JAMA is a basic linear algebra package for Java which provides a matrix class and a number of matrix decomposition classes. The matrix class supports basic operations such as matrix addition, multiplication, transpose, norm calculation etc.

Installation

Simply download the .jar file in the Java class path.

cd ~/scala_lib
wget http://math.nist.gov/javanumerics/jama/Jama-1.0.3.jar

Usage Example

In Scala console,

// Import library
import Jama._

// Create the matrix
val A = new Matrix(3, 6)

// Fill the matrix with random numbers
val r = new scala.util.Random(0)

for(i <- 0 until A.getRowDimension())
    for(j <- 0 until A.getColumnDimension())
        A.set(i, j, r.nextDouble())

// JAMA does not provide methods to print the matrix,
// but we can view the data using the following trick
A.getArray().foreach(row => println(row.mkString("\t")))

// Set the first value to be the last value
A.set(0, 0, A.get(A.getRowDimension()-1, A.getColumnDimension()-1))
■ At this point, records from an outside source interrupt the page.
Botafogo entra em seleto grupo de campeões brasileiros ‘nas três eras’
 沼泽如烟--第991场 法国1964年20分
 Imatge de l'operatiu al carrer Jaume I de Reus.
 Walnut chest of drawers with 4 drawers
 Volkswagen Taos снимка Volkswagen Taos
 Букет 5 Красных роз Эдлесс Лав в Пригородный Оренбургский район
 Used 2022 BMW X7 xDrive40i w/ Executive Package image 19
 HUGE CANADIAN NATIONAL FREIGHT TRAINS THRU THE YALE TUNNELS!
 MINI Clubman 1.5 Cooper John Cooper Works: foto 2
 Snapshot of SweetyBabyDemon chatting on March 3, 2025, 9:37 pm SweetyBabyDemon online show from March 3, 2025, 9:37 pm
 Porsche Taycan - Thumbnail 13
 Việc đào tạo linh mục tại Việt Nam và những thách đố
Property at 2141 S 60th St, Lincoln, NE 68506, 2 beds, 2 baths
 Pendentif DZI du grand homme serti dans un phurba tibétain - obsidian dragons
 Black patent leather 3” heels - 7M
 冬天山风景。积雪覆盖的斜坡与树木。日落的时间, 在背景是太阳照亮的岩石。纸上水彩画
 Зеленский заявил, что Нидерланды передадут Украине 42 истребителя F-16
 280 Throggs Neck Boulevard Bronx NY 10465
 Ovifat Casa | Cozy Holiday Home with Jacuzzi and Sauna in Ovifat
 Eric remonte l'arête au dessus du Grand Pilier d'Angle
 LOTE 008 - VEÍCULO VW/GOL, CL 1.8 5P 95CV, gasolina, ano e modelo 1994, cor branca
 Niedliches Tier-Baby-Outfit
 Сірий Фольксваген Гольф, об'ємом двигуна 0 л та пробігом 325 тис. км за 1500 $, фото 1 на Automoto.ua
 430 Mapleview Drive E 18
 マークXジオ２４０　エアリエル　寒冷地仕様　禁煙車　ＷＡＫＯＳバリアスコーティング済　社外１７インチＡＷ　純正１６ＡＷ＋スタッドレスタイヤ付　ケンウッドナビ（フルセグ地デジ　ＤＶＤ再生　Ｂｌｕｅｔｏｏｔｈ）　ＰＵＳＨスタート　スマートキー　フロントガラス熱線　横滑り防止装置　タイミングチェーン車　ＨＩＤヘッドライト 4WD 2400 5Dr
// Get a sub-matrix, 1st row to 3rd row, 1st column to 3rd column
val B = A.getMatrix(0, 2, 0, 2)

// Set a sub-matrix of A to B, 1st row to 3rd row,
// 2nd column to 4th column
A.setMatrix(0, 2, 1, 3, B)

// Matrix product C=A'B
val C = A.transpose().times(B)

// Solve linear equation
val a = A.getMatrix(0, 2, 0, 0)
val x = B.solve(a)

Documention

The full documentation is at http://math.nist.gov/javanumerics/jama/doc/.

4. Apache Commons Math

Introduction

Apache Commons Math is an Apache project aiming to address the most common mathematical and statistical problems that are not available in the standard Java language. It supports both dense and sparse matrix classes, equipped with basic operations as well as matrix decomposition algorithms.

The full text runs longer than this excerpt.